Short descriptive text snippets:
BEGIN

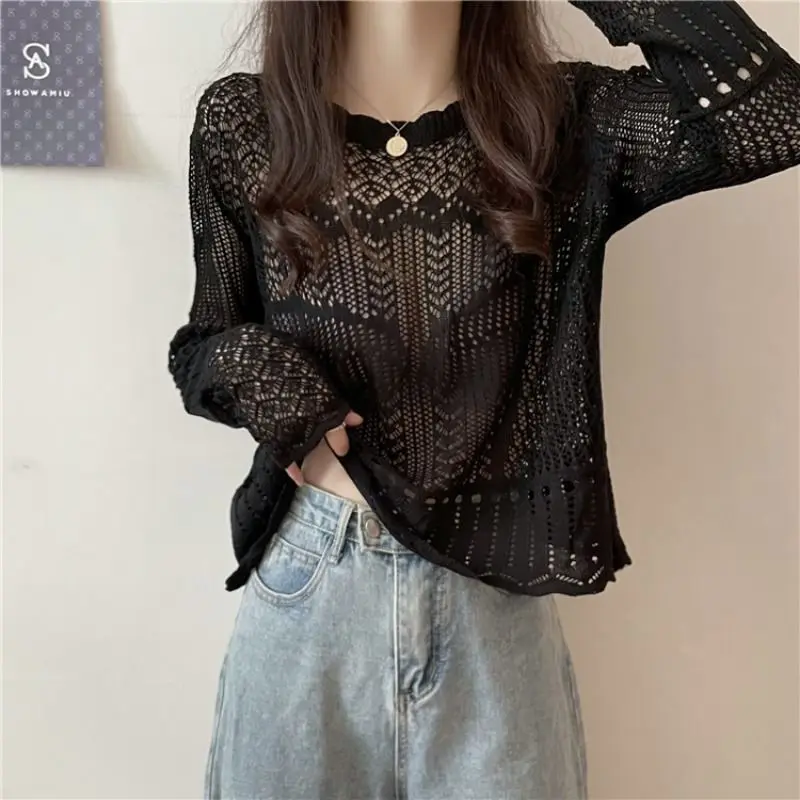 Sweaters Women Knitted Hollow Out Summer Thin Fashion Loose Long Sleeve New Casual See Through Sexy Pullovers All-match Simple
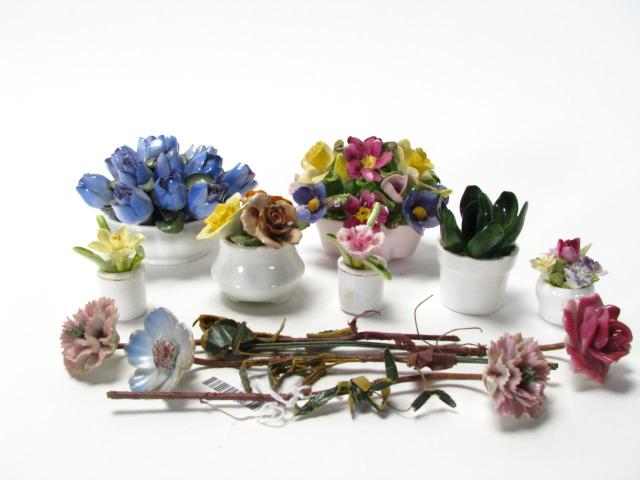 Appraisal: Group of bone china flower decor including seven flower baskets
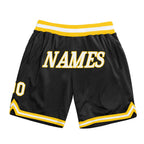 Custom Black White-Gold Authentic Throwback Basketball Shorts photo 1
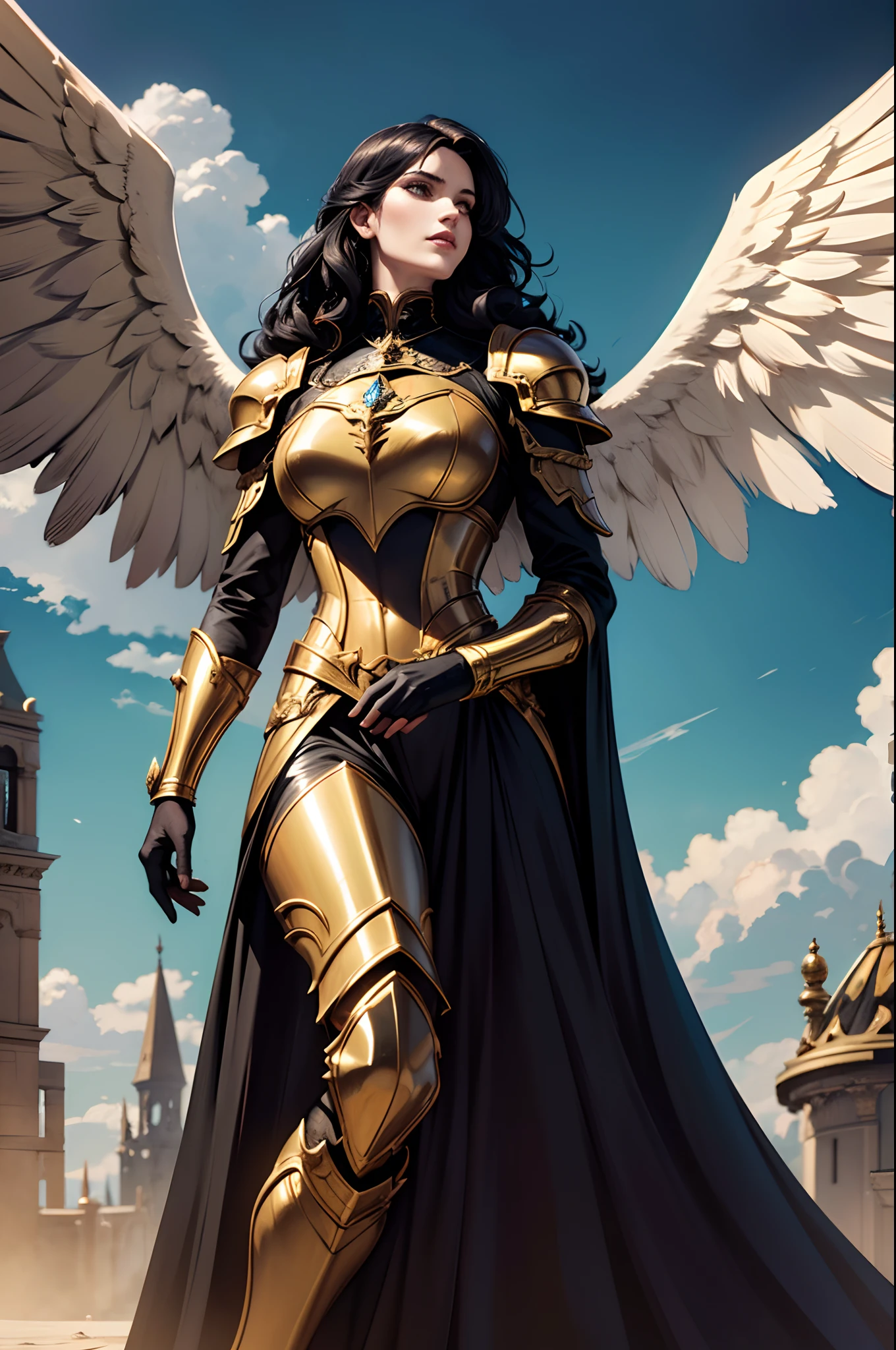 A big-haired demon character with golden and white wings, lips in black color, Gothic armor in petrol color, Linda, impressionante, bem detalhada, Magnificent, 8k, Angelic Art, sky with clouds, dramatic scene, cabelo alaranjado longo, armadura, manto de cavaleira, an art to use in a print, nouveau, tinta sobre tela conjurando magia azul gelo.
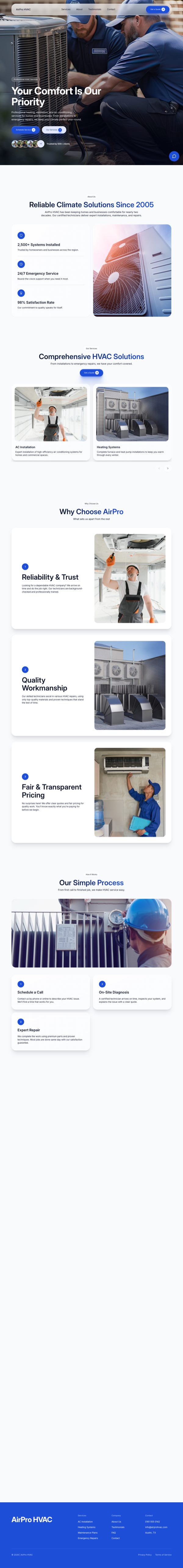 AirPro HVAC, a finished heating and air conditioning website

END

**Goal of the exercise**
Return each entry exactly as given. Leave the images out.

**Response area**
 Sweaters Women Knitted Hollow Out Summer Thin Fashion Loose Long Sleeve New Casual See Through Sexy Pullovers All-match Simple
 Appraisal: Group of bone china flower decor including seven flower baskets
 Custom Black White-Gold Authentic Throwback Basketball Shorts photo 1
 A big-haired demon character with golden and white wings, lips in black color, Gothic armor in petrol color, Linda, impressionante, bem detalhada, Magnificent, 8k, Angelic Art, sky with clouds, dramatic scene, cabelo alaranjado longo, armadura, manto de cavaleira, an art to use in a print, nouveau, tinta sobre tela conjurando magia azul gelo.
 AirPro HVAC, a finished heating and air conditioning website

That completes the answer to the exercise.